Jimin'in kalbi her duyduğu kelimeyle atmayı arttırmıştı. Odada herhangi biri olsa Jimin'in kalbinin sesini çok rahat duyabilirdi. "Hyung," dedi küçük olan. Sarhoştu o, değil mi? İnanmamalıydı ona. Sarhoşken söylediklerine tutunmamalıydı minik kalbi.
"Jimin sus." Jimin büyüğünü dinleyerek sustuğunda Yoongi'nin konuşmasını bekledi. "Seni seviyorum Jimin-ah, beni sevmeyi dener misin?"
Park Jimin ne hissedeceğine, ne diyeceğine karar veremez vaziyetteydi. Ben de seni seviyorum, dese ne olurdu ki? Sabah hatırlamayacaktı. Ne Jimin'e ettiği aşk itirafını ne de Jimin'in dediklerini hatırlamayacaktı.
"Min Yoongi, seni o kadar çok seviyorum ki, şu an bu dediklerine inanmayı çok istiyorum. Sarhoşsun sen, sabaha unutacaksın her şeyi bu yüzden özgürce hislerimi diyeceğim. Kimi sevdiğimi sorduğunda sen olduğunu diyemedim, yan yanayken saçlarını okşayıp seni öpemedim.
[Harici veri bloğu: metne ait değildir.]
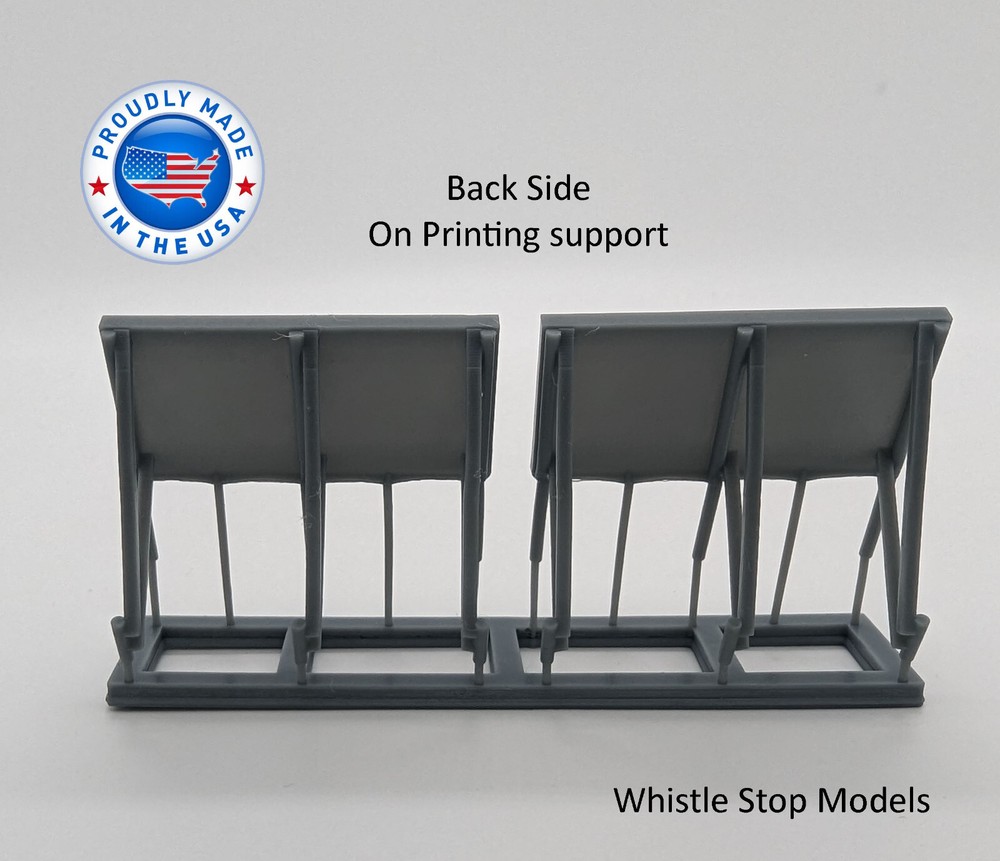 Z Scale 2 Old 20ft Billboard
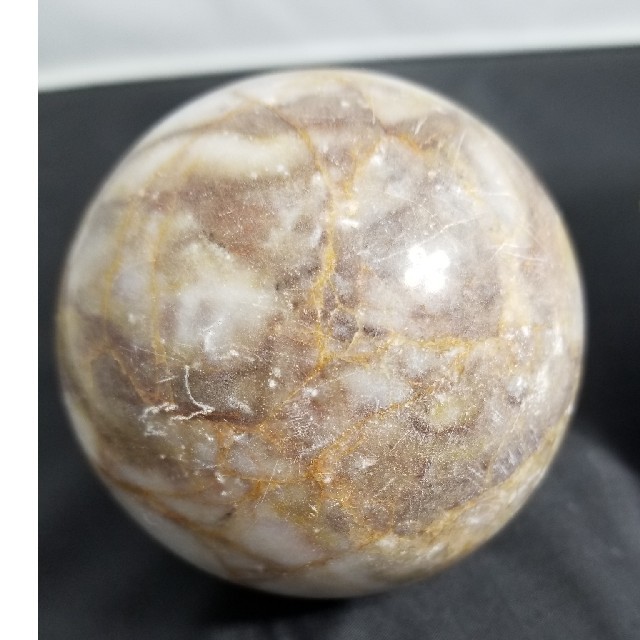 大理石 80ミリ玉 原石台座付き 置物 パワーストーンの通販 by エンゼル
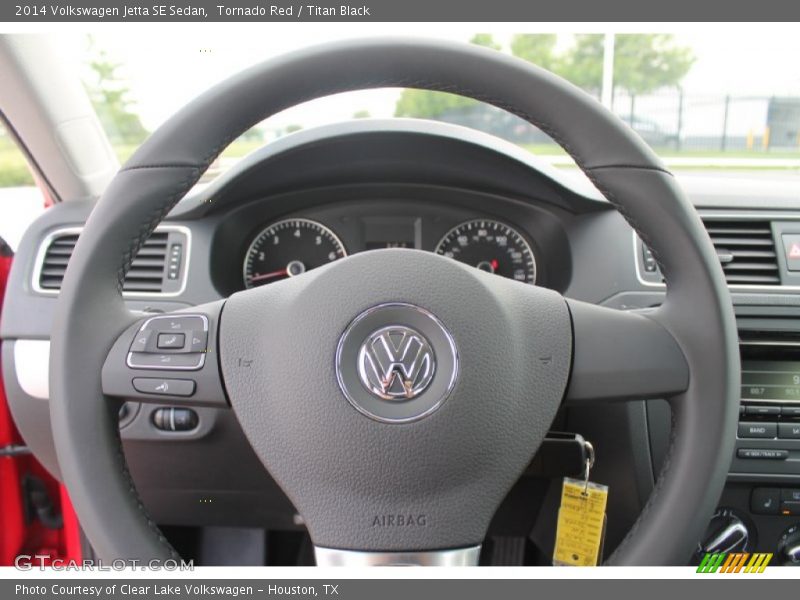 Tornado Red / Titan Black 2014 Volkswagen Jetta SE Sedan
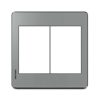 Mặt viền 6 hạt cỡ S Acrylic màu xám Grimma G7 series, G7ACX-M6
Bunlar bir hayal olarak kaldı Min Yoongi. Benim aylarca kurduğum hayallerim bunlar. Her hayalimin içinde sen varsın fakat bunlardan hiçbirinden haberdar değilsin. Ben de çok kez mesaj yazıp sildim. Korktum çünkü. Benimle iletişimi kesmenden, benden iğrenmenden çok korktum. Yoonji diye birini uydurup sana onu seviyorum dedim, mutlu zamanlarımızın önüne geçtim. Özür dilerim Gökyüzü'm ben seni sevdiğimi hiç özgürce söyleyemedim."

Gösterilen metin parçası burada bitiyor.